As of Oct. 1, law officers in Nevada may stop and warn motorists who are texting or using handheld cell phones. The ticketing starts Jan. 1, 2012. Fines will be $50, then $100 and then $250.
Nevada banned handheld cell phone use and text messaging for all drivers. Enforcement is primary, meaning drivers can be stopped and cited for that reason alone. Nevada was the 34th state to ban texting while driving.
The measure, SB 140, has was approved by Gov. Brian Sandoval, who made it clear that he would support a statewide ban on text messaging while driving. The Assembly’s final vote came May 30 and the Senate signed off June 4.
Sen. Shirley Breeden was the bill’s author. Her texting bill of 2010 failed to get out of committee, but, undaunted, she added handheld cell phones to 2011 plan. “We’re going to go for the whole enchilada,” she said as the legislative year began.
The Senate watered down Breeden’s texting & talking ban on April 26, lowering fines to match the Assembly’s version in order to get a distracted driving bill through.
SB 140: Would outlaw text messaging and using handheld cell phones while driving in Nevada. Would prevent cities and counties from creating similar laws. Original bill’s fines: $250 (first offense), then $500, then $1,000 plus license suspension of six months. Fines doubled in highway work zones. Warnings until Jan. 1, 2012. Amended and approved by the Senate Transportation Committee on March 17. Amendments approved by voice vote in Senate on April 22. Amended bill’s fines: $50/$100/$250. No license suspensions. Approved by the Senate in a 12-9 vote on April 26. OK’d by the Assembly in a 24-7 vote on May 30. The Senate’s final approval (a voice vote) came June 4 and the measure was sent to the governor. If signed, which is expected, the new Nevada distracted driving law kicks in July 1 with warnings issued until the new year. (Breeden)
AB 151: Would ban text messaging and use of handheld cell phones while driving in Nevada. Fines: $50 (first offense), $100 (second) and $250 (third). If a death or “substantial body harm” results from violation, prison term of 1-6 years with fines of $2,000-$5,000. Would end local traffic regulation of texting and cell phones.

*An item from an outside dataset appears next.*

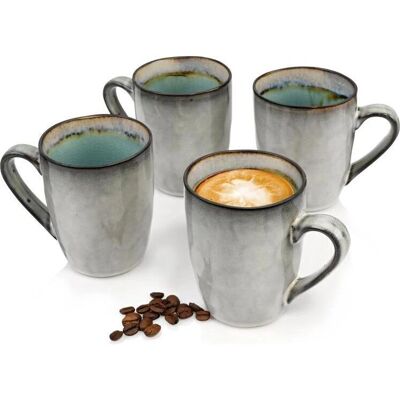 Sänger - Capri - 350ml - 4x Becher - Becher-Set Sänger - Capri - 350ml - 4x Becher - Becher-Set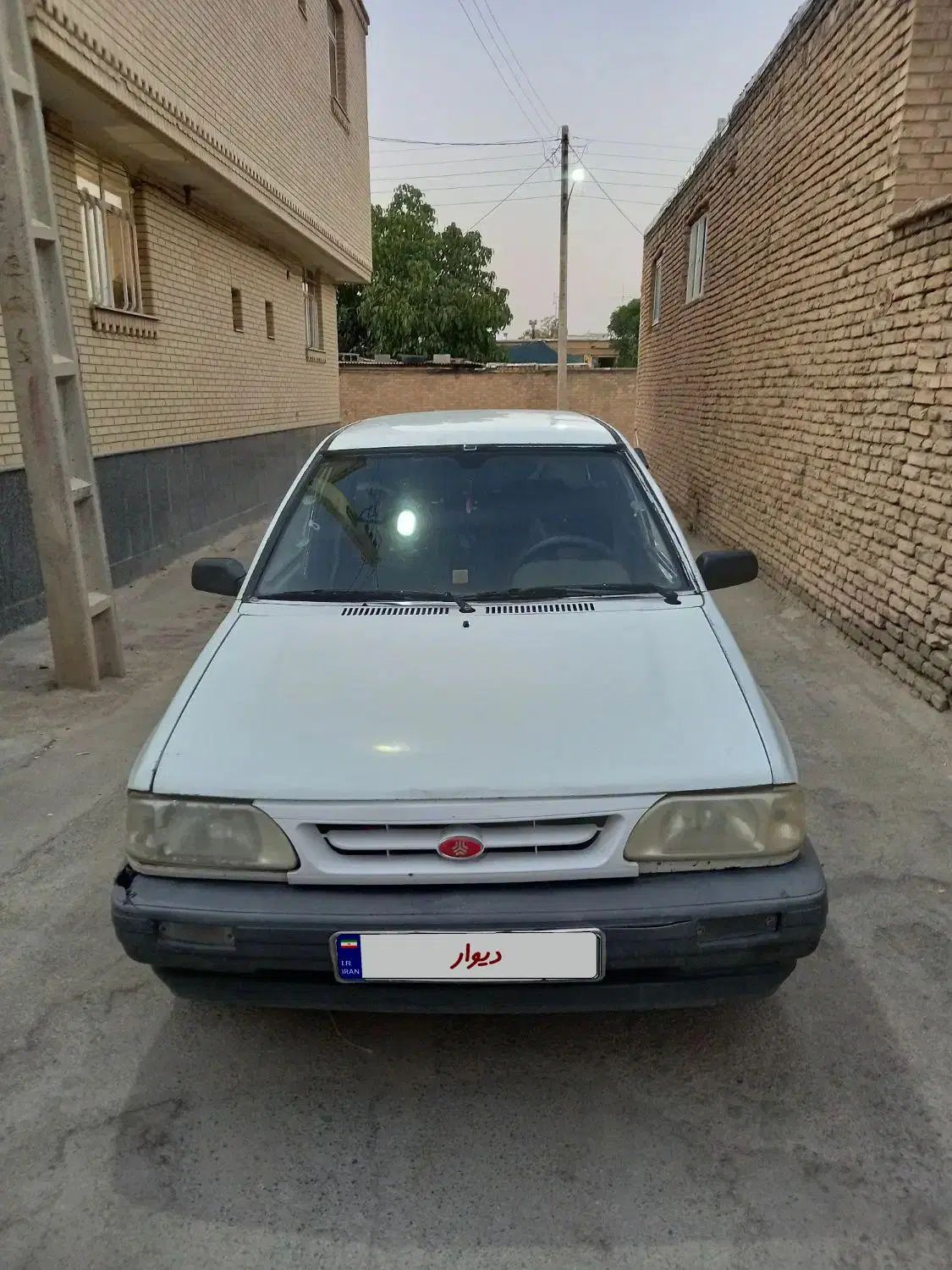 خودرو پراید، نسیم آگهی ann_20503057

Warnings until Dec. 31, 2011. Amended (to add handheld cell phones to original bill’s texting ban) and approved by the Assembly Committee on Transportation in a 12-3 vote on March 29. Latest legislative action: Rereferred to Committee on Ways and Means on April 19. See SB 140, above. (Atkinson)
Senate Bill 76: Seeks to ban text messaging and use of handheld cell phones. Hands-free accessories OK for cell phones. GPS allowed. Also targets Internet use and any “non-verbal” communication. Dead as of April 16. (Public Safety Dept. via Senate Transporation Committee)
SB 145: Would prohibit drivers under the age of 18 from texting and using cell phones. Penalties to be determined by juvenile court, which would be directed to treat violations in school zones more seriously. Dead as of April 16. (Manendo)
AB 173: Would prohibit texting and the use of handheld cell phones by all Nevada drivers. If a death or “substantial body harm” results from violation, prison term of 1-6 years with fines of $2,000-$5,000. Dead as of April 16. (Munford)
Distracted driving notes:
Last year, Sen. Shirley Breeden, D-Henderson, saw her no-texting bill die in committee. This year she succeeded in getting a measure through the legislative — as the new chairman of the Senate Transportation Committee. The bill was sent to the governor June 4. SB 140 would prohibit drivers from both text messaging and use of handheld cell phones.
“We’re going to go for the whole enchilada in this thing,” Breeden said of the addition of cell phones to the 2011 legislation.